There are a lot of shows on television. A lot. It’s hard to keep up with them, unless some pop culture website is banging a drum on a weekly basis about how you should be watching this show or that show. Chances are, there are many series that you’ve never even given a shot, that you’ve dismissed out of hand because of the network it’s on, the lame premise, a cast member that you don’t care for, or because you judge a television show based on bad promotional materials. Many of those shows are also not covered regularly on pop-culture blogs like this, so they fly under the radar within a particular demographic that might never have even considered checking out these shows.

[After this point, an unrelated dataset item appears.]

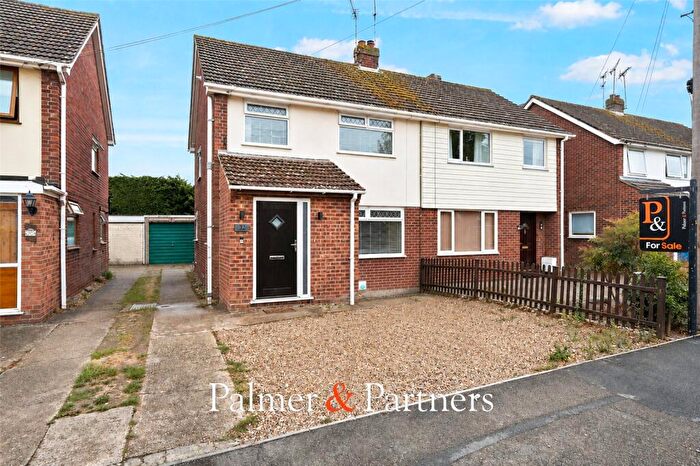 3 Bedroom Semi-Detached House For Sale In Broomfield Crescent, Wivenhoe, Colchester, Essex, CO7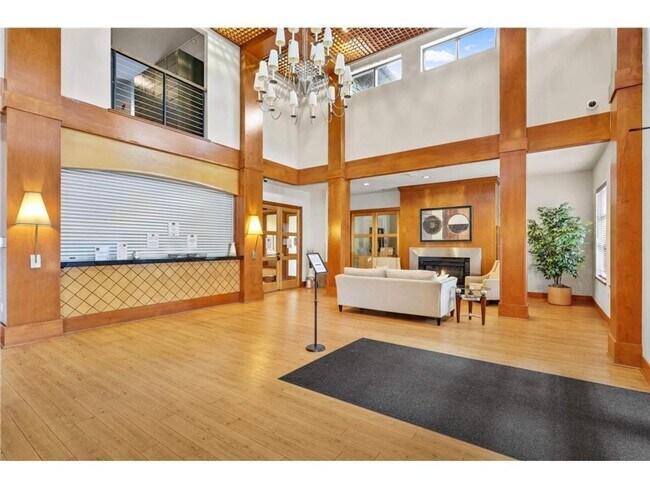 Building Photo - Sparkling 2 Bedroom Condo in Southwest Sta...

Below, I’ve put together a list of 10 of those series, which are currently running (or recently ended their runs). They’re not necessarily the best shows on television (although, the third on the list is definitely one of the top five shows TV right now), but they’re good, solid shows that, for whatever reason, a lot of people dismissed out of hand.
It’s on A&E, so it probably isn’t on the radar of many of our readers, and the fact that it’s a procedural is a strike against it for others. But as someone who typically loathes procedurals, I’m a big fan of Longmire, which I’d describe as a kind of heavier, Western version of a USA Network show. The reason it’s so good, however, is because of Robert Taylor, who manages to be a soft-spoken bad ass, a tough, old leathery Lee Majors for this generation. “Longmire” is basically the show I envision Timothy Olyphant taking when he’s in his 50s or 60s. Katee Sackhoff is pretty great, too, even if she is sorely underused.
Wait, wait! Don’t stop reading. I hated the first two seasons, too, and never would’ve bothered with the third season if it had not been for the fact that my job demands that I keep up with such things. But listen: In the third season, at least so far, The Killing actually seems to be making good on the promise of the first season: The mystery is solid (there’s a serial killer), we’ve been promised it will be solved by the end of the first season, and Peter Sarsgaard has been fantastic as a death row inmate likely mistaken for the real killer. Like everyone else, I don’t trust it; I’ve been snakebitten too many times by The Killing, but I am really digging what we’ve seen so far. I think, in part, that the success of the season has to do with the fact that they’re investigating an active serial killer, who is currently piling up bodies, rather than investigating an old case. It’s a legitimately good show now.
The Good Wife
Considered by many to be a CBS show for old women, trust me when I say it’s so much more than that: Look at the image above. Keep looking. You think that’s a show for your grandmother? It is a legal drama, and there is an episodic component to it, as the firm has to deal with weekly cases. But more than that, it’s about the politics of working in a big law firm, the way that everyone in Chicago knows each other, ethical and moral dilemmas, and some of the best acting on television. Also, no show on television gets better guest stars than The Good Wife, including a recurring role from Michael J. Fox that is lights out fantastic. It doesn’t hurt, either, that The Good Wife — thanks to Archie Panjabi — is one of the more sexually provocative shows on network television. Again, see GIF set above.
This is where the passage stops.